After the affair
An affair is a deep violation of the security that an exclusive, monogamous relationship provides.
The discovery of an affair is one of the most devastating experiences in a relationship. The hurt, the betrayal of trust, the fear that it could happen again and the self-doubt (was I not good enough?) are common and overwhelming feelings for the betrayed partner. On the other hand, the partner who cheated is also hurting, feeling guilty and ashamed and worrying that the partner will leave.
This usually leads to an emotional roller coaster between hope for recovery and fear of separation, between love and hate, and between times of attempts to reconnect and times of intense anger and arguments. How both partners deal with the aftermath determines the health of the relationship from then on.
What happens to couples after the discovery?
About two thirds of couples stay together after an infidelity. However, about half of those who decide to stay together never fully recover and a deep hurt remains. This hurt is often expressed in the form of anger and criticism by the injured partner and made worse by excuses, defensiveness and withdrawal by the partner who cheated.
However, the other half tends to take a good look at what went wrong. The partner who cheated is able to be honest, open and takes responsibility for their actions. They are also able to empathize with the hurt that they caused their partner, make amends and learn from their mistakes.
After some time of soul searching, these couples are able to create a relationship that is stronger than it was before. These are usually couples who seek the help of a relationship counsellor. Recovery after an affair is possible.

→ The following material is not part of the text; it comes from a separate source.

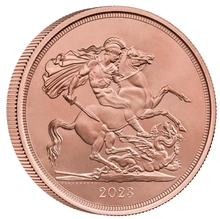 Moneda Soberano Quíntuplo de Oro Coronación Carlos III 2023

Why do people have affairs?
The reasons for an affair vary from person to person. In general, research shows that women are more likely to have an emotional affair when there are dissatisfied in their relationship. In comparison, men are often happy in their relationship, but are more commonly motivated by the opportunity, the thrill and a potential ego boost.
Strategies to get past the affair:
The affair must end. The partner having the affair must break all contact. Ideally, both partners phone the third person and together tell them that the affair is over.
The cheated partner must have the opportunity to express their hurt feelings (these might include shock, hurt, anger, sadness, betrayal, loss of security, embarrassment, self-blame and more). It is important for the partner who had the affair to listen, accept and validate feelings of the other one. Additionally, they also should provide a commitment and reassurance that he or she wants and values this relationship – exclusively.
The partner who had the affair must take responsibility. This helps to rebuild the trust by being transparent and accountable. On the one hand, it means to not allow guilt and shame to deny, minimize, blame or be defensive. On the other hand, it means to be willing to have phone and emails open to share with their partner. As a result, this may also dis-confirm the fears and suspicions of the betrayed partner until enough trust has been rebuilt.
Finding answers. This is mainly for the partner who cheated to explore why they crossed boundaries and then learn from it. However, sometimes vulnerabilities in the relationship provide a breeding ground for affairs. Therefore, both partners need to explore why this affair has happened so that it doesn’t reoccur again.
Forgiveness is the ultimate goal in order to repair the relationship. It might take months, or even years for this to occur and it is a process, not a one-off event. Therefore, the partner having had the affair needs to be patient, humble, empathetic and take full responsibility for the hurt the partner has been put through. Only then is it possible for the other partner to be able to forgive fully. However, forgiveness is a risk and also requires hard work from the betrayed partner to take responsibility for managing their own hurt feelings.
Assessing and repairing the relationship. This involves addressing vulnerabilities and working on underlying problems in order to restore and grow a healthy relationship, that might be stronger than it was before the affair.
Very few couples manage this process on their own. Almost all couples need help from a counsellor who is experienced dealing with infidelities in order to successfully complete these steps.